WHAT YOU ARE ASKED TO DO: Your answer must consist of the lines running from the one that holds "CACNB3 Antibody (7D1), Novus" to the end of the data, copied exactly.

Caption-style text data:
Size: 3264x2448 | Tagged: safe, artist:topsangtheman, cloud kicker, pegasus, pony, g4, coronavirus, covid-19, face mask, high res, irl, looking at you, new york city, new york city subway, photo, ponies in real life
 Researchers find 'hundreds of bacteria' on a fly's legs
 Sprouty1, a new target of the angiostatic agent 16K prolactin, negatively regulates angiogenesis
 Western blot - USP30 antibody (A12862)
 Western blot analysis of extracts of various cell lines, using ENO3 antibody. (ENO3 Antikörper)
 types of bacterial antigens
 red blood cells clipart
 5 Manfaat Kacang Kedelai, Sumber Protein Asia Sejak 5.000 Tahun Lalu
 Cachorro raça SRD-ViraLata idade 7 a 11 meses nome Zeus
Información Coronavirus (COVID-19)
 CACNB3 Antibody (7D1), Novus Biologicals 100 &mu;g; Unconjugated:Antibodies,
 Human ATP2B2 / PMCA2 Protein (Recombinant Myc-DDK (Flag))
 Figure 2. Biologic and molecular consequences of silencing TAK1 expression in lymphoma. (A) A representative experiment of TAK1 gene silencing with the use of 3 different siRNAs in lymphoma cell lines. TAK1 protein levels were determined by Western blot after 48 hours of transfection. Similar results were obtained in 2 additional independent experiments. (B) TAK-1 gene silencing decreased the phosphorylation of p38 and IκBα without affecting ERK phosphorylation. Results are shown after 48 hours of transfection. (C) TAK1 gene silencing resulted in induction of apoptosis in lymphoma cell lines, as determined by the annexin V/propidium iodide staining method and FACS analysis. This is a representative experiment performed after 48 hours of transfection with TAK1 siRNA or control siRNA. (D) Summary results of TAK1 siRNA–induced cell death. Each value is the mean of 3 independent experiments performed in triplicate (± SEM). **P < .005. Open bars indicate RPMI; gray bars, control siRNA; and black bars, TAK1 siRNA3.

OUTPUT BELOW:
 CACNB3 Antibody (7D1), Novus Biologicals 100 &mu;g; Unconjugated:Antibodies,
 Human ATP2B2 / PMCA2 Protein (Recombinant Myc-DDK (Flag))
 Figure 2. Biologic and molecular consequences of silencing TAK1 expression in lymphoma. (A) A representative experiment of TAK1 gene silencing with the use of 3 different siRNAs in lymphoma cell lines. TAK1 protein levels were determined by Western blot after 48 hours of transfection. Similar results were obtained in 2 additional independent experiments. (B) TAK-1 gene silencing decreased the phosphorylation of p38 and IκBα without affecting ERK phosphorylation. Results are shown after 48 hours of transfection. (C) TAK1 gene silencing resulted in induction of apoptosis in lymphoma cell lines, as determined by the annexin V/propidium iodide staining method and FACS analysis. This is a representative experiment performed after 48 hours of transfection with TAK1 siRNA or control siRNA. (D) Summary results of TAK1 siRNA–induced cell death. Each value is the mean of 3 independent experiments performed in triplicate (± SEM). **P < .005. Open bars indicate RPMI; gray bars, control siRNA; and black bars, TAK1 siRNA3.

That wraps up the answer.